The indictment notes that on or about October 12, 2018, the defendant, Hunter Biden, submitted a written statement “certifying that he was not an unlawful user or, or addicted to, any stimulant, narcotic drug, and any other controlled substance, when in fact, as he knew, that statement was false and fictitious.” In total, he’s charged with two counts of making false statements by checking a box falsely saying he was not a user of or addicted to drugs and a third count for possessing the gun as a drug user.
Two counts are punishable by up to 10 years in prison, while the third carries up to five years in prison, upon conviction. Prosecutors rarely prosecute these types of offenses.
The indictment comes two days after House Speaker Kevin McCarthy ordered the opening of an impeachment investigation into Joe Biden to determine whether he committed any wrongdoing in connection with his son’s business dealings. Although the charges filed by Weiss have nothing to do with that investigation — but rather with Hunter’s descent into a spiral of drugs, alcohol and self-destruction after the death of his brother Beau — there is no doubt that they are a blow to the president.
Joe Biden has always been supportive of his son and has repeatedly appeared in public with him despite the investigations against him. The president, in fact, has praised Hunter for overcoming his addictions and straightening out his life.
The trial against Hunter Biden may overlap with the open cases that Donald Trump, the president’s possible rival in the 2024 presidential election, faces, stemming from four indictments for a total of 91 charges.
The president’s son initially admitted to the illegal purchase and possession of the gun as part of a plea deal that also included guilty pleas to misdemeanor tax charges. The deal would have spared him formal prosecution on the gun charge if he stayed out of trouble for two years and renounced owning a firearm in the future — a common agreement in these types of cases.
However, the parties had a different interpretation of the agreement. While Hunter Biden’s lawyers believed that it put an end to all federal investigations into him, the prosecution felt it was free to bring charges on other possible crimes stemming from the ongoing investigation into his business dealings. In addition, the judge in charge of the case, appointed by Donald Trump, was reluctant to approve the deal.
Under pressure from Republican protests that the Justice Department was giving favored treatment to the president’s son, the deal fell through. Attorney General Merrick Garland appointed Weiss as special counsel for the case, giving him added independence and broad authority to investigate and report his findings. Weiss had been investigating Hunter Biden as a Delaware federal prosecutor since Trump’s tenure. Ongoing investigations since 2018 have so far found no evidence of other possible crimes.

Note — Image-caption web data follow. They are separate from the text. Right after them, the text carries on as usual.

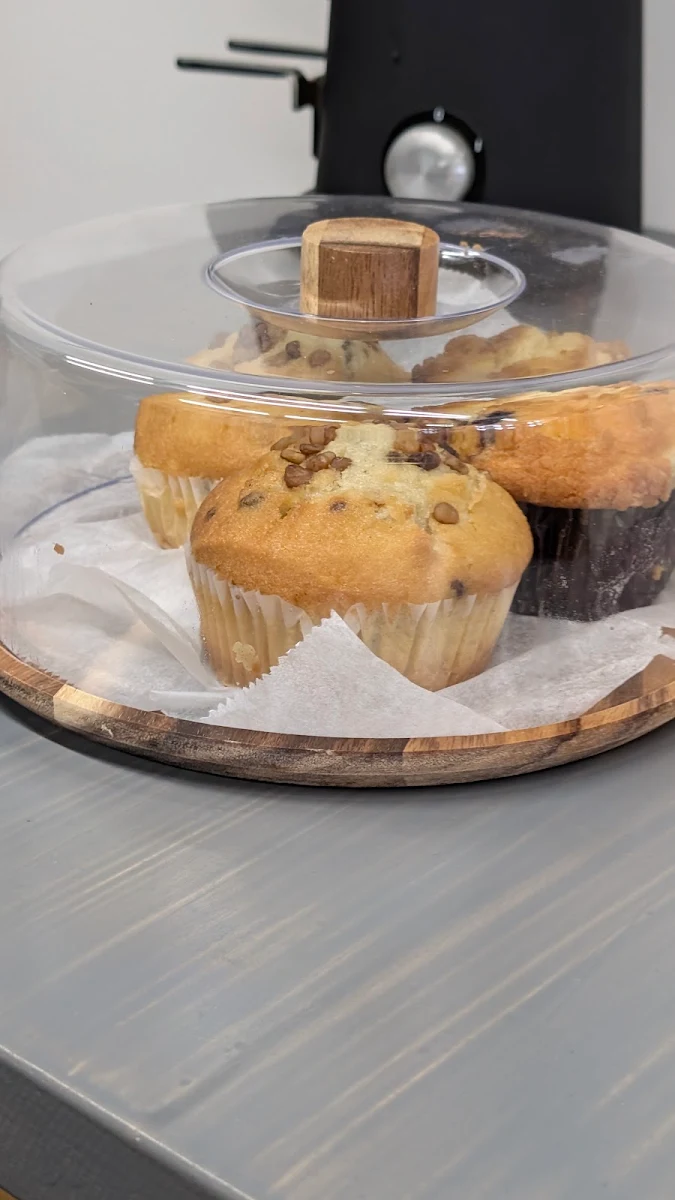 Blueberry Muffin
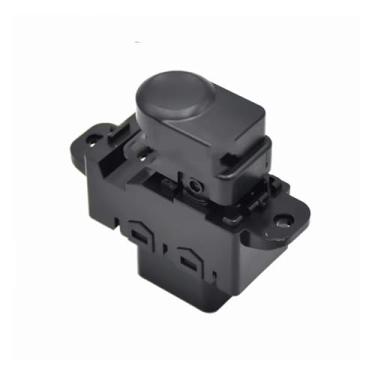 Imagem de Botão do interruptor de controle do vidro elétrico 935701R101, lado esquerdo do motorista, interruptor principal do vidro elétrico para Hyundai 2011-2017 (interruptor principal)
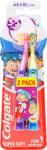 Colgate gyerek fogkefe 3-5 Little Kids Smile Duo (8718951613997)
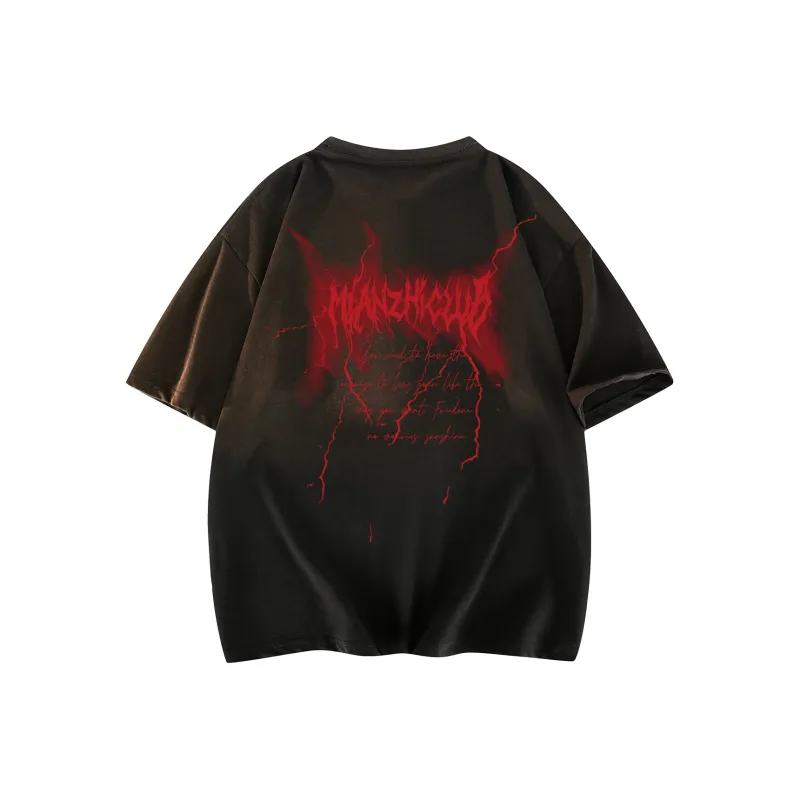 Cotton T Shirts Unisex-20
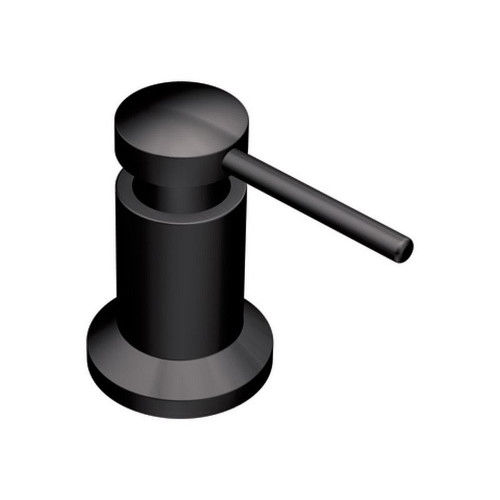 Soap or Lotion Dispenser in Black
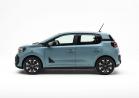 Nuova Dacia Spring 2026 profilo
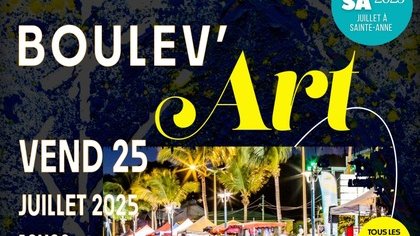 Boulev'art, une 22ème édition spéciale JASA ! 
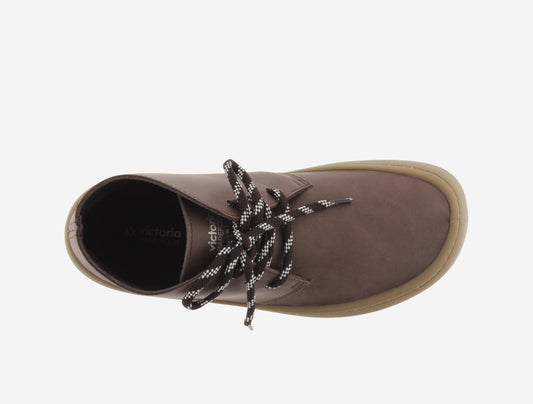 Victoria Barefoot - Botas Olmo Marrón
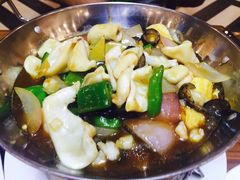 -美达尔烧烤海鲜家常菜(泰山路店)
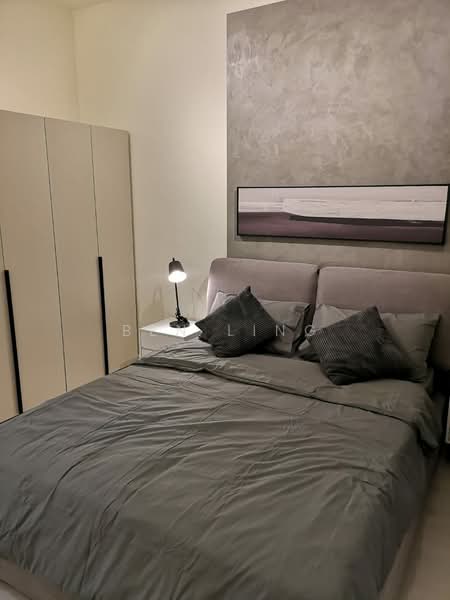 Servis Apartment untuk Disewa di The Era @ Duta North - Ben Ling - Bedroom - PropertyGuru.com.my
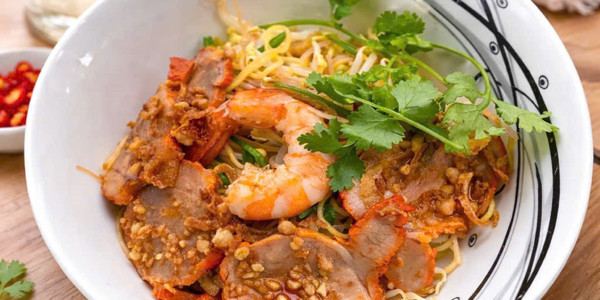 Bếp Ông Già - Cơm Gà Xá Xíu, Mì Xá Xíu & REI Matcha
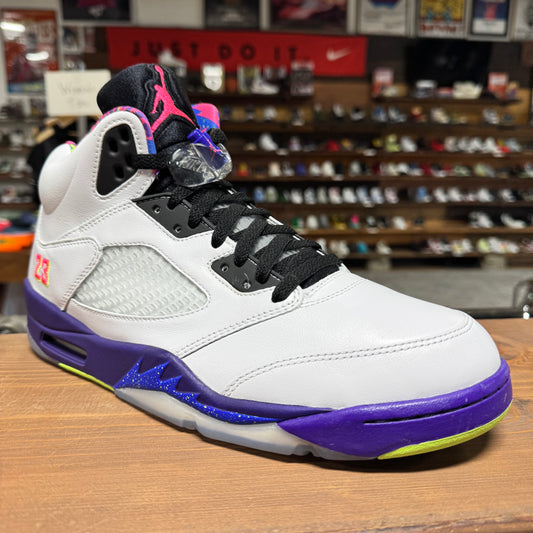 Jordan 5 'Alternate Bel-Air' Size 11 (DS)
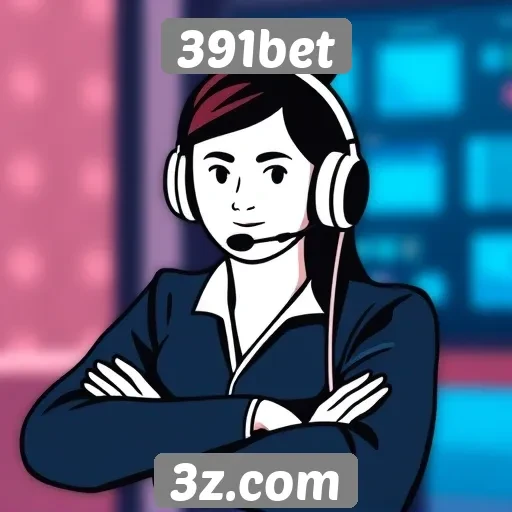 Suporte ao cliente da 391bet em foco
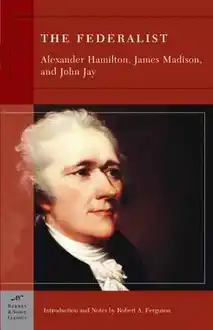 Cover of Federalist (Barnes & Noble Classics)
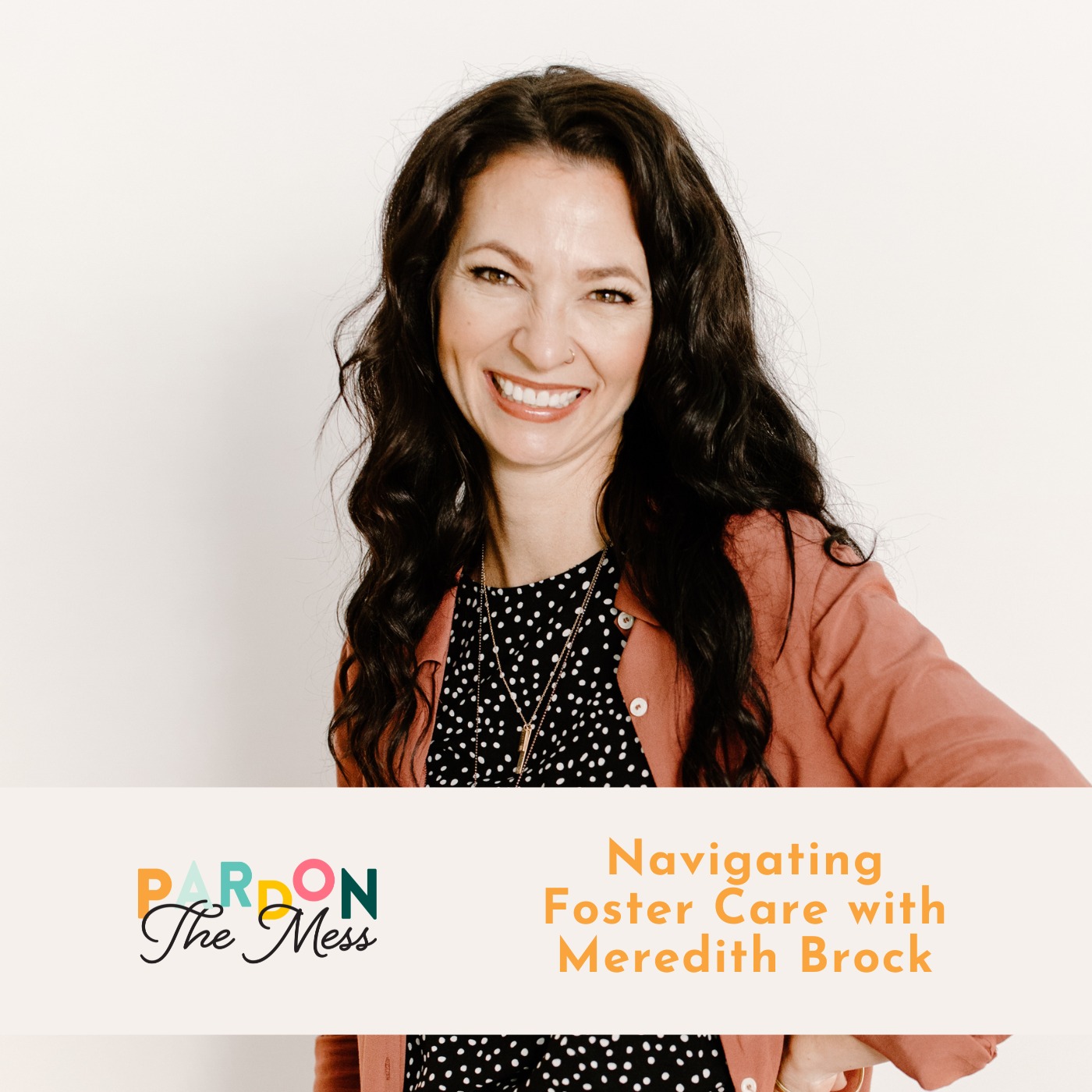 Pardon the Mess with Courtney DeFeo - Christian Motherhood, Biblical Parenting, Raising Christian Kids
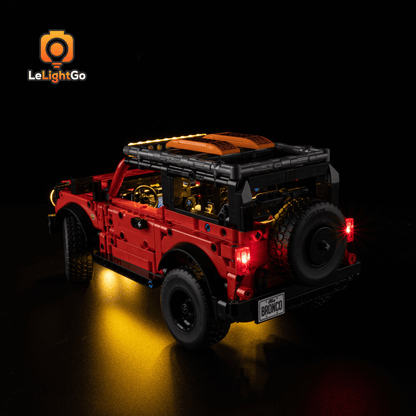 Light Kit For Ford Bronco SUV 42213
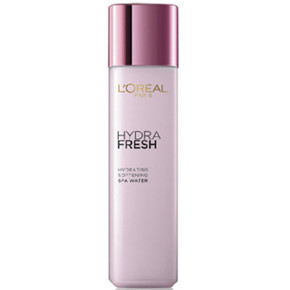 欧莱雅（LOREAL）水清葡萄籽保湿SPA柔肤水 175ml 69元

Paradoxically, Hunter Biden could center his defense on a Supreme Court ruling that his father criticized: the one that enshrined the constitutional right to carry firearms in public for self-defense, which struck down a New York gun law. Recently, a federal appeals court in New Orleans, Louisiana, overturned a conviction for illegal possession of a gun by saying that the state law requiring a drug-free period ran counter to that right as interpreted by the Supreme Court. “Our history and tradition may support some limits on an intoxicated person’s right to carry a weapon, but it does not justify disarming a sober citizen based exclusively on his past drug usage,” that ruling said.